Así, el semifracaso del multiculturalismo en Cartagena puede ser visto también como el éxito de una cierta forma de cimarronaje identitario. Este cimarronaje no es la lucha de los esclavos contra los amos, de los “negros” contra los “blancos”, que supone la existencia de razas o de etnias definidas en términos biológicos o culturales; este cimarronaje identitario moderno es más bien una forma de resistencia no sólo a la esclavización y al racismo, sino a toda clasificación en razas, en etnias, en culturas o en cualquier categoría fija.

Conclusión
A manera de conclusión, se debe precisar que tanto la asimilación de ayer como el multiculturalismo de hoy son concepciones que tienden a encerrar a los individuos en una misma comunidad de pertenencia: la comunidad de los ciudadanos frente a la comunidad del grupo étnico-cultural. Finalmente, la oposición no es tanto entre asimilación y multiculturalismo, que suponen la misma creencia en la existencia de identidades definidas, sino entre negación y reconocimiento de la multiplicidad y de la fluidez de las pertenencias. Este reconocimiento no se traduce en el culto de la armonía ni en el culto de la diferencia, sino en la deconstrucción de mitos fundadores como la ciudadanía universalista de la asimilación republicana y la especificidad cultural de las minorías étnicas en el multiculturalismo.

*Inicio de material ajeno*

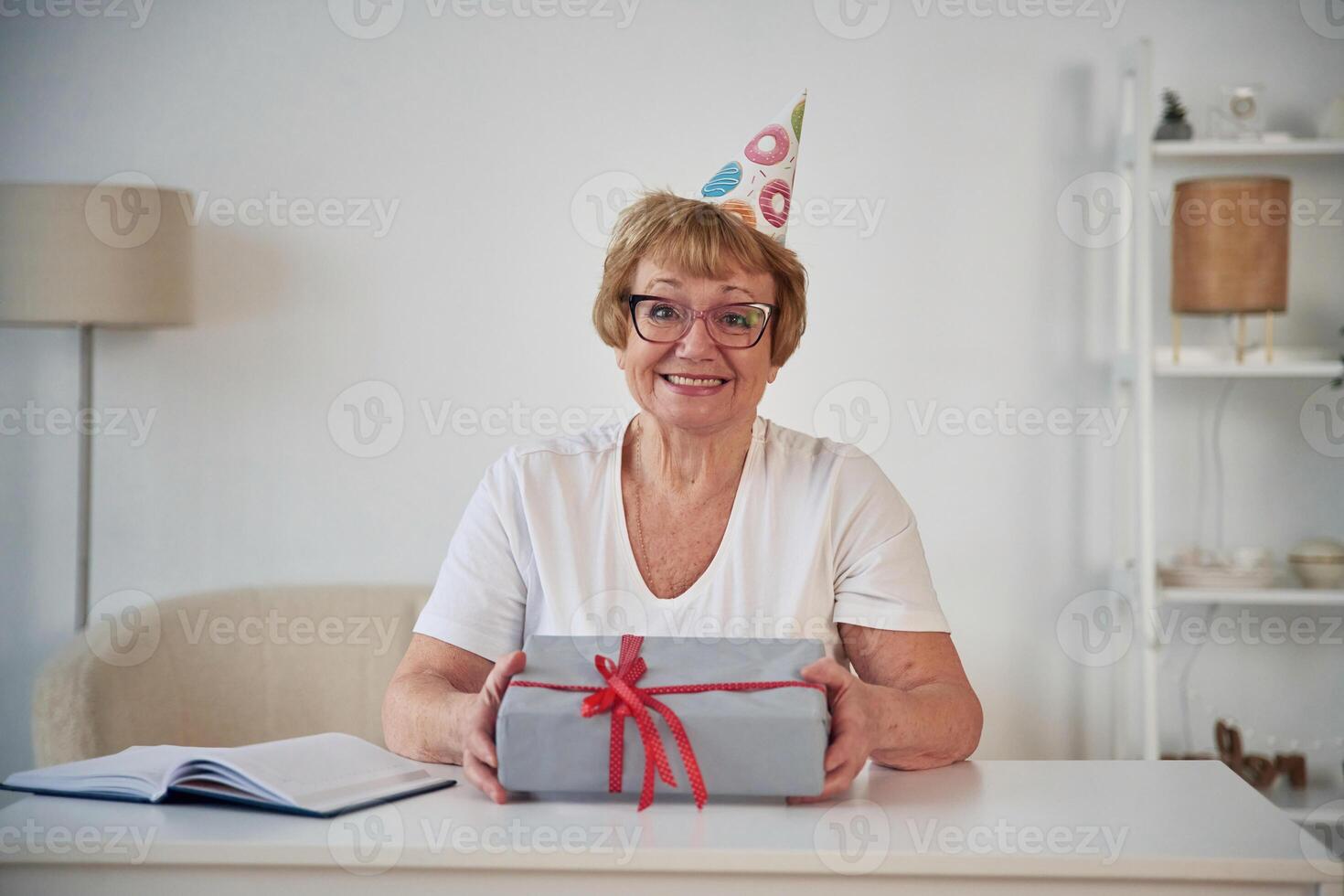 Celebrating, birthday. With,, gift in the present box. Senior elderly woman is at home in the living room photo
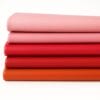 Milano-Reds Oranges and Pinks Collection Five rolls of Milano Collection smooth cowhide leather in red, orange, and pink tones, featuring natural grain and soft handfeel, laid on a white background.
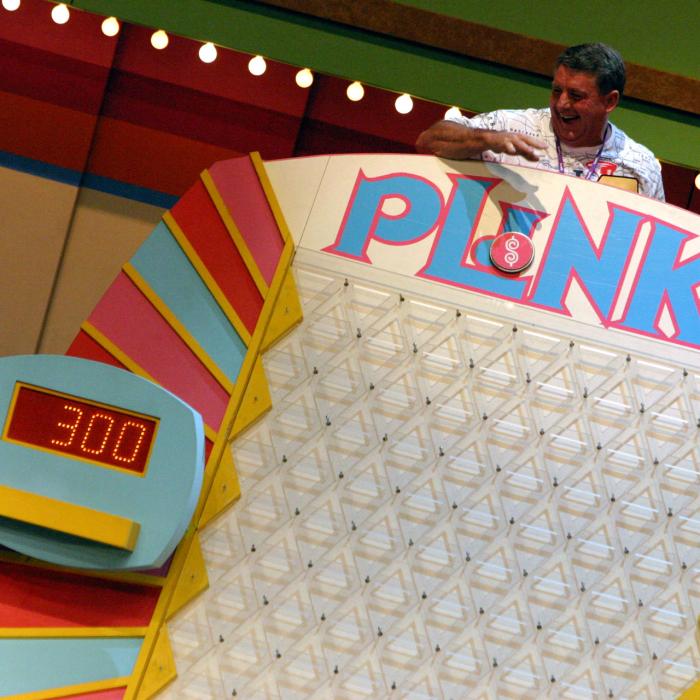 A man at the top of the Price is Right Plinko game ready to play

El énfasis actual en una sola dimensión de la historia de Cartagena (la resistencia de los cimarrones) no sólo reduce la diversidad y multiplicidad de las relaciones con el otro, sino que produce nuevas formas de racismo –cierto neorracismo cultural– o lleva al olvido del racismo cotidiano, ordinario. En el primer caso, la referencia a lo biológico, aparentemente borrada, vuelve de manera más sutil y peligrosa a través de la naturalización de las diferencias culturales. Este “neorracismo cultural” se basa en una valoración positiva de las diferencias y en la presentación de la alteridad como algo invariable. Su lógica ya no es excluir para conservar la identidad de un grupo dominante, sino excluir para conservar las peculiaridades culturales de minorías. El multiculturalismo, contrario al racismo, acaba finalmente generando nuevas formas de exclusión. El segundo es una forma de racismo injustificable pero explicable, inaceptable para los que defienden la tolerancia pero omnipresente y condenable, aunque “normal” por su frecuencia. Es un racismo implícito, encarnado en las relaciones sociales, transmitido en palabras y comportamientos anodinos. Es más difícil de observar y de estudiar porque no cabe en la lógica de la diferenciación “evidente” y absoluta entre “nosotros” y “ellos”: remite más bien a formas de microalteridad que pueden cambiar de un día a otro, de un contexto al otro y coexistir con otras lógicas de diferenciación o de homogeneización.